Nampak tiga pemuda itu memiliki penampilan yang em... buruk? Keadaan mereka sangat-sangat menyedihkan, pakaian dan wajah pucat yang berantakan dengan tubuh kurus tidak terawat. Mereka duduk berjajar dan menunduk dalam.
"Kita tidak pantas," jawab tertua.
"Kita tidak akan pernah dimaafkan," sahut si tengah.
"Akan lebih baik kalau kita menjaga jarak!" ini yang paling muda.
"Hahh! Apa yang sebenarnya kalian pikirkan?" Suara itu terdengar sangat frustasi dengan sedikit kemarahan.
"Dia merindukan kalian! Apakah masih kurang jelas maksudnya? Dan apa-apaan perkataan kalian itu? Tidak pantas?" dia memandang pemuda tertua yang balik menatapnya. "Tidak dimaafkan?" beralih menatap si tengah. "Heh! Lebih baik menjaga jarak?" terakhir pada yang paling muda.
"Jangan konyol, ingat kesempatan yang kalian miliki.
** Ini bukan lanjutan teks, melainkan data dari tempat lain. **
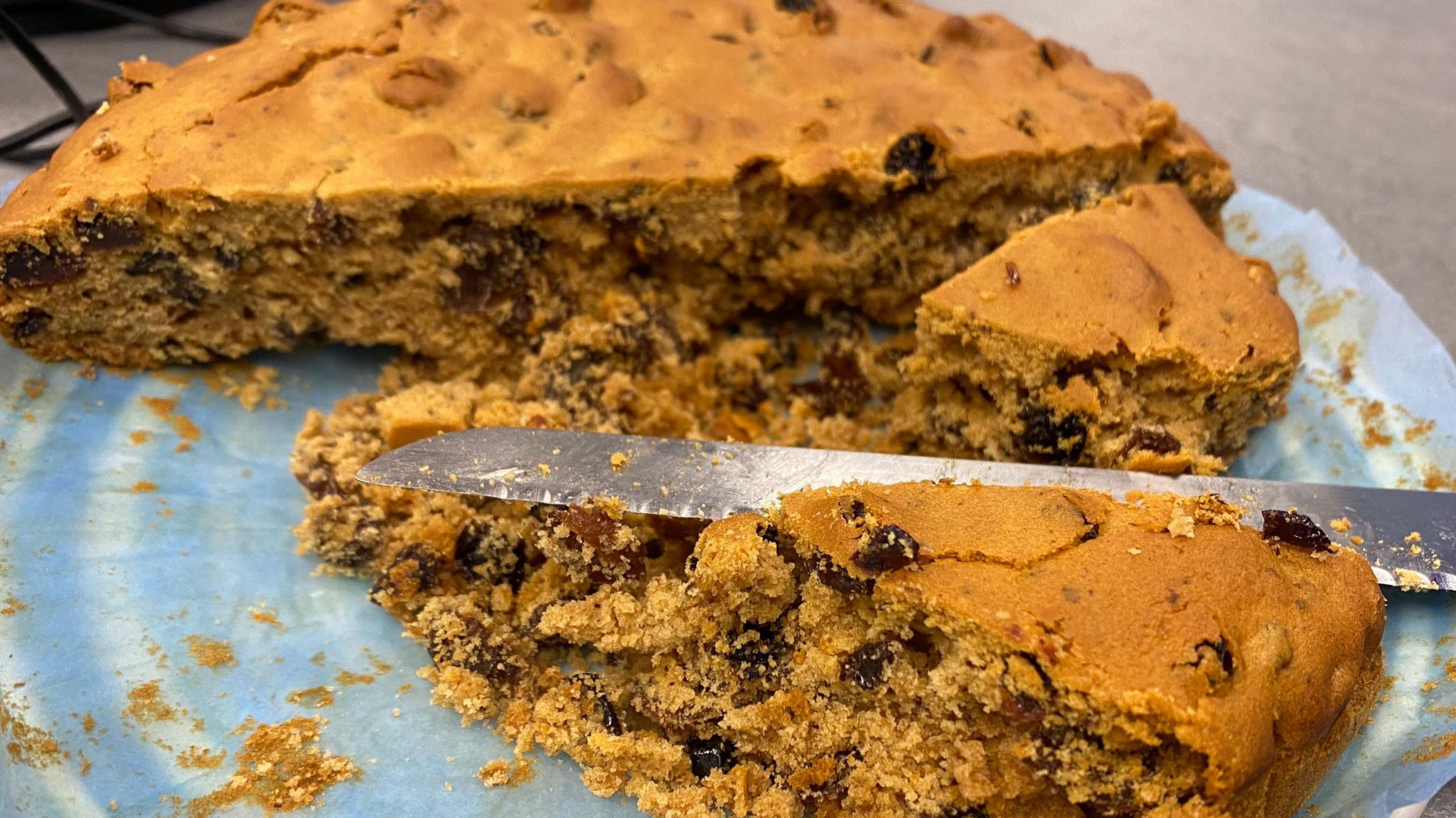 A half-eaten cake on a plate with a large slice cut off and a knife lying across it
Jangan sia-siakan itu!" agak lama dia memandang tiga pemuda itu yang hanya terdiam merenung.
Muak dan merasa tujuannya sudah terpenuhi, dia memilih untuk beranjak berdiri dan melangkahkan kaki pergi meninggalkan ruangan. Dalam benaknya, lebih baik keluar menemui orang berharga daripada bersama orang-orang... aneh?
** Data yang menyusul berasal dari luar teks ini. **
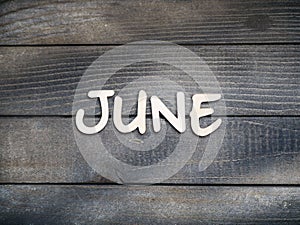 The name of the month is composed of light wooden letters on dark wood. The month of June.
Berhenti, dia berujar tanpa menoleh, "Buang pemikiran bodoh kalian dan segera mungkin temui dia! Sebelum itu, ubah penampilan buruk kalian yang mirip orang gila itu. Aku tidak memiliki anak buruk rupa dan gelandangan. Jangan buat dia takut melihat makhluk mengerikan seperti kalian saat ini!" setelah memberi kata-kata hangat, manis, dan ramah, dia benar-benar pergi meninggalkan tiga pemuda yang masih termenung.
"Haruskah kita pergi menemuinya?" tanya paling muda, setelah sosok yang mengakui mereka sebagai anak itu pergi dan meninggalkan keheningan.
"Ya. Kita salah. Pemikiran ini akan membuat kita menyesal di kemudian hari," balas si tengah.
"Hm. Lekas bersiap dan temui dia!" putus tertua.
Keluar dan masing-masing dari mereka mulai bersiap. Sebelumnya, mereka melihat rupa sendiri di cermin. Pantas saja 'dia' berkata demikian pada mereka, ternyata benar adanya.
Wajah buruk yang tidak bisa dijabarkan lagi betapa buruknya itu, ditambah penampilan yang benar-benar mirip gelandangan. Mereka nyaris tidak mengenali diri mereka sendiri.
Tidak bisa berhenti untuk terus mengumpat, mereka akan menyimpan kejadian ini sebagai kenangan memalukan di masa depan.
Memperbaiki diri dari ujung kepala hingga kaki, penampilan mereka jauh lebih baik sekarang. Keagungan dan keanggunan telah kembali pada mereka.
* * *
Pagi hari menjelang pukul sembilan. Cahaya cerah menyinari hari setelah adegan berdarah berlalu. Matahari bersinar dengan hangat, meskipun masih tersisa sedikit salju di berbagai titik sudut. Suara sahut-menyahut burung-burung yang berkicau, seolah menandai musim telah bersiap untuk melepas dingin dan menggantikannya dengan kehangatan.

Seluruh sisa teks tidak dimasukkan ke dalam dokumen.